GIVEN MATERIAL
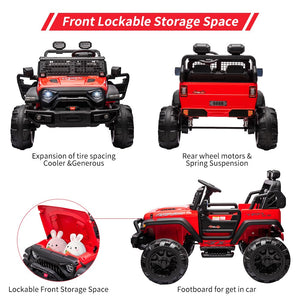 Electric Car for Kids, 24V 2 Seaters Kids Ride On Car with Remote Control, 2 * 120W Motors, 20" Extra Large Seats, LED Headlights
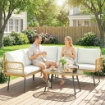 SALOTTO DA GIARDINO 4PZ CON 2 DIVANI 2 POSTI, ANGOLO E TAVOLINO DA CAFFÞ, IN ACCIAIO E RATTAN, LEGNO E CREMA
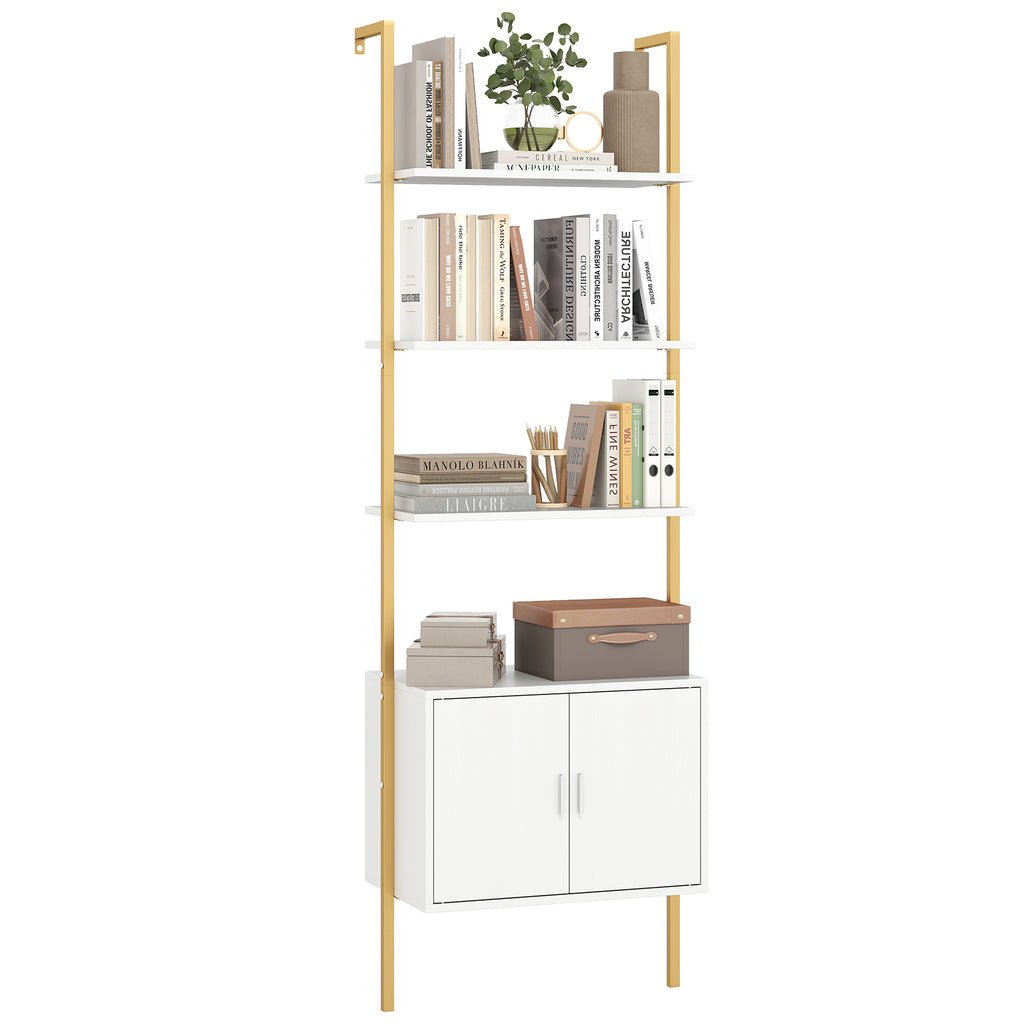 72.5 Inch Tall Bookshelf with Cabinet Anti-Tipping Kits and Metal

ACTIVITY
Return exactly the lines of the data, beginning with the first and ending with the line containing "SALOTTO DA GIARDINO". Skip the pictures.

SOLUTION TO THIS TASK
 Electric Car for Kids, 24V 2 Seaters Kids Ride On Car with Remote Control, 2 * 120W Motors, 20" Extra Large Seats, LED Headlights
 SALOTTO DA GIARDINO 4PZ CON 2 DIVANI 2 POSTI, ANGOLO E TAVOLINO DA CAFFÞ, IN ACCIAIO E RATTAN, LEGNO E CREMA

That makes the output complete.